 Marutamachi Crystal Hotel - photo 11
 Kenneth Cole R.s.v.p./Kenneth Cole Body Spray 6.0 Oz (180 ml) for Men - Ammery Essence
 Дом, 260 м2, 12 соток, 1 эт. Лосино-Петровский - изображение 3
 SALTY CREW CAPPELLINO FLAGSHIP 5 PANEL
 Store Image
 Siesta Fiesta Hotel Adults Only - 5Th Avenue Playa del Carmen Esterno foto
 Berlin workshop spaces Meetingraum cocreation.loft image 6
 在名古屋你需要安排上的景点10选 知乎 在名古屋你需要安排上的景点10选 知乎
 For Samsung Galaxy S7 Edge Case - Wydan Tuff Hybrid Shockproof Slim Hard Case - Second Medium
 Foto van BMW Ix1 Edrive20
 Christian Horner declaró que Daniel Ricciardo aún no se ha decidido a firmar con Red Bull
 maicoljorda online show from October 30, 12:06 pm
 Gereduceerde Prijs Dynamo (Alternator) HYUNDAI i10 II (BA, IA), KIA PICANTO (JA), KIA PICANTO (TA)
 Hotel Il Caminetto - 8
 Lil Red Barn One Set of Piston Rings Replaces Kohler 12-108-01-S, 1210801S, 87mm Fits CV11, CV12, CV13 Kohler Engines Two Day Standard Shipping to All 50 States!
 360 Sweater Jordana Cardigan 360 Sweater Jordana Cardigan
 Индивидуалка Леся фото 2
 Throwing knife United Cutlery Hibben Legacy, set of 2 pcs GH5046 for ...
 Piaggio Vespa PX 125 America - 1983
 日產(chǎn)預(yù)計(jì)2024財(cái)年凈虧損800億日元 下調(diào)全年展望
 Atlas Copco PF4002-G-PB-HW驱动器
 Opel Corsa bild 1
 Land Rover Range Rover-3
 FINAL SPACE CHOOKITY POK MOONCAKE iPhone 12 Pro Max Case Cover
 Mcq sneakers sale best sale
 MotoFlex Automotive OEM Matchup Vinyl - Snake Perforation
##############################
_Problem description:_ Exactly as they appear, print the lines from the one holding "日產(chǎn)預(yù)計" through the final line of the entries, and no others.

_Answer:_
 日產(chǎn)預(yù)計(jì)2024財(cái)年凈虧損800億日元 下調(diào)全年展望
 Atlas Copco PF4002-G-PB-HW驱动器
 Opel Corsa bild 1
 Land Rover Range Rover-3
 FINAL SPACE CHOOKITY POK MOONCAKE iPhone 12 Pro Max Case Cover
 Mcq sneakers sale best sale
 MotoFlex Automotive OEM Matchup Vinyl - Snake Perforation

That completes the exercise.